Work required: Repeat nothing but the lines below running from the one containing "X0000098001449200804141155" to the one containing "A diagram of". Keep both end lines.

Supplied information:
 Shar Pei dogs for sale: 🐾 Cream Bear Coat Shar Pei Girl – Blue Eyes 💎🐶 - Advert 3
...
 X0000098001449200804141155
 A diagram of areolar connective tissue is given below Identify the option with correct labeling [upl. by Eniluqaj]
...
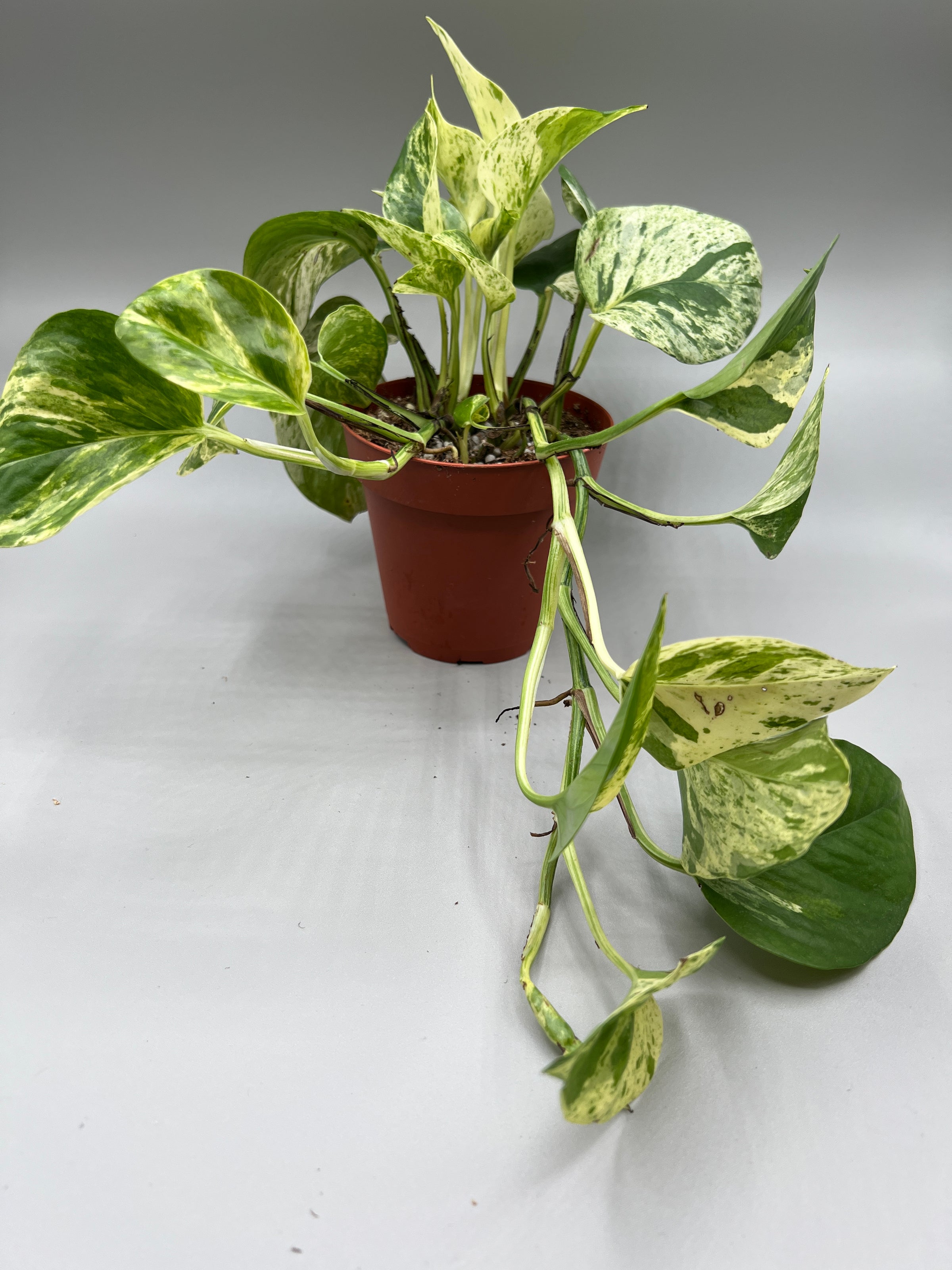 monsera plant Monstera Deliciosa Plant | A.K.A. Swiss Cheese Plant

Answer section:
 X0000098001449200804141155
 A diagram of areolar connective tissue is given below Identify the option with correct labeling [upl. by Eniluqaj]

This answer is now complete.